『草花たちの静かな誓い』 宮本輝
草花に託したメッセージ
物語の舞台は南カリフォルニアの高級住宅地ランチョ・パロス・ヴァーデス半島。
太平洋に面した、穏やかで自然豊かなリゾート地です。
夫に先立たれ、ランチョ・パロス・ヴァーデス半島の豪邸で一人暮らしをしていたキクエは、修善寺への旅行中に突然命を落とします。
彼女の甥にあたる弦矢は3200万ドルもの遺産と豪邸を彼女から相続することになります。
突如大金を手にし、狂喜乱舞といきたいところですが、弦矢にもう一つ衝撃的な事実が伝えられます。
「もしレイラが見つかったら、遺産の70%を彼女に譲って欲しい」
キクエの娘レイラは6歳の時に白血病で亡くなったと伝えられていました。
そのレイラが実は、6歳の時に誘拐され、行方不明になっていたことを知ります。
レイラはまだ死んでいないかもしれない。
では、レイラはどこへ行ってしまったのか?
キクエはなぜ嘘をついたのか?
弦矢は私立探偵ニコライ・ベロセルスキーとともに真相を追いかけます。
富豪たちがのどかな時間を過ごすリゾート地。
そんな豊かな暮らしの裏側で、児童の誘拐が社会問題化していて、誘拐された子供は売春組織に売られたり、臓器の提供者として取引されたりする可能性もある...
この小説では、そんなアメリカ社会の光と影が描かれています。
さらに、レイラをめぐる事件の真相からはもっと大きな問題が立ち上がります。
綺麗事だけでは問題を解決できないと感じたキクエは、自分が身代わりになり、真相を隠し続けることに決めました。
それでも弦矢に対してわざとヒントを残しておいたのは、彼の聡明さと優しさを信頼したからでしょう。
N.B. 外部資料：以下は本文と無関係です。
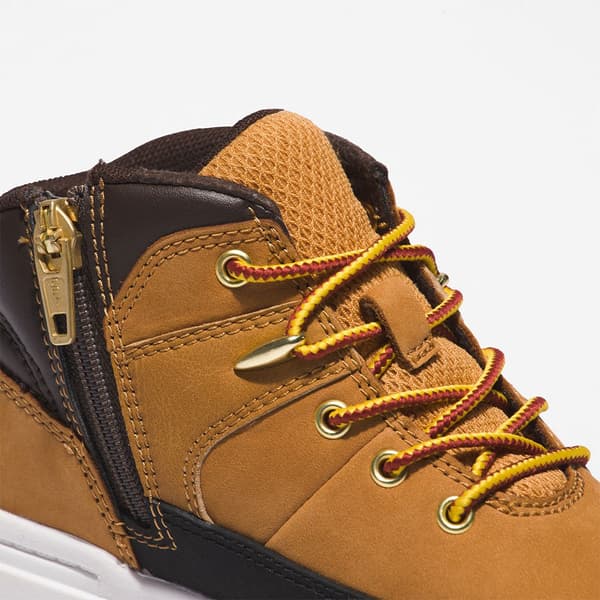 Timberland Seneca Bay Hiker Barnskor Brun EU 31 Pojke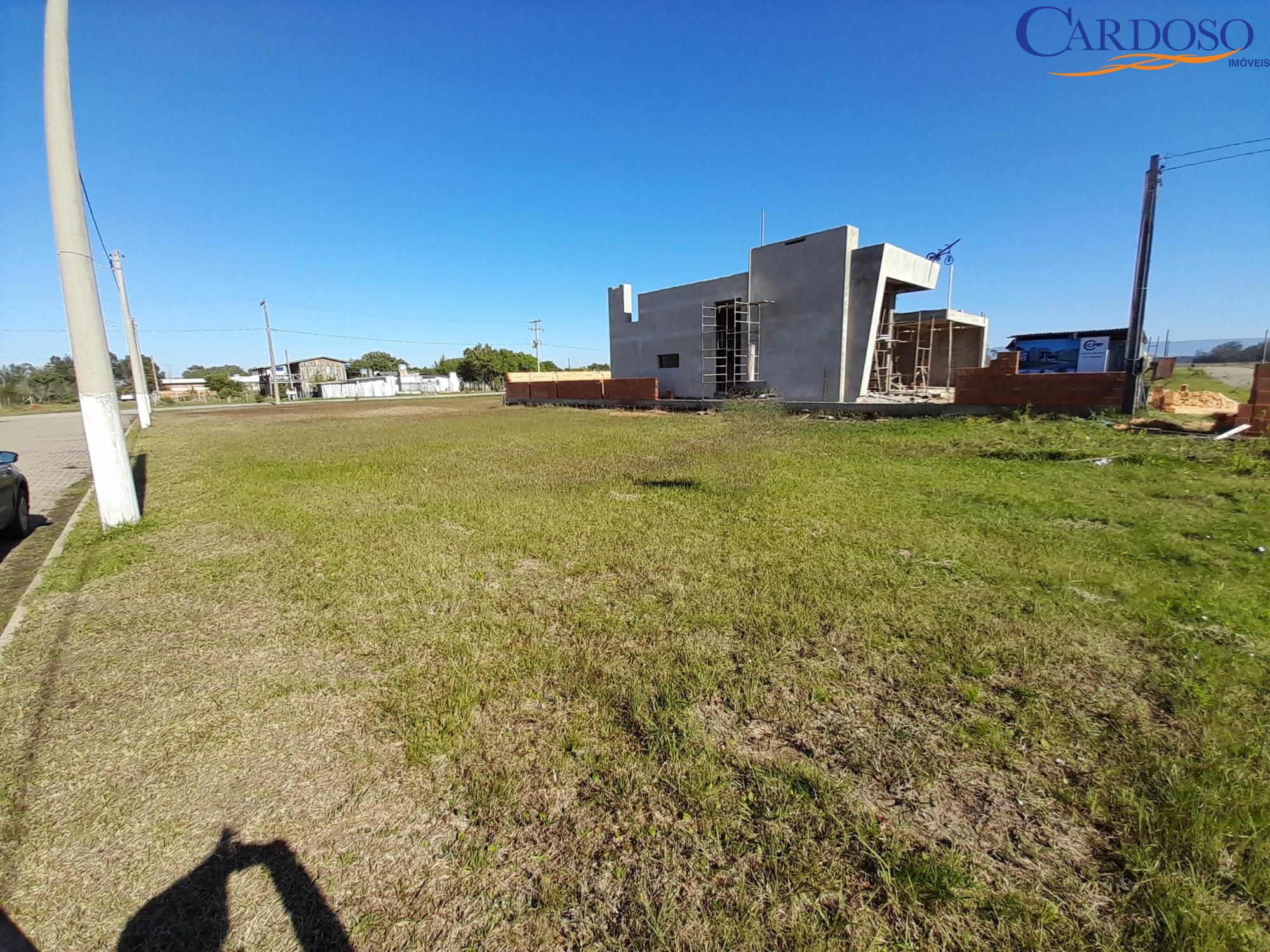 Terreno, 450 m² - Foto 2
苦難に直面したキクエと弦矢を支えたのは、タイトルにもある庭の「草花たち」でした。
キクエは草花から生きるよすがを与えられ、草花に弦矢へのメッセージを託しました
花にも草にも木にも心がある。嘘だと思うなら 本気で話しかけてごらん、植物たちは褒められたがっているのよ。だから心を込めて褒めてやるんだよ。そうしたら必ず応じてくれるよ
厳しい環境を乗り越えて生きる草花たちに勇気をもらい、弦矢は将来に向けて進み始めます。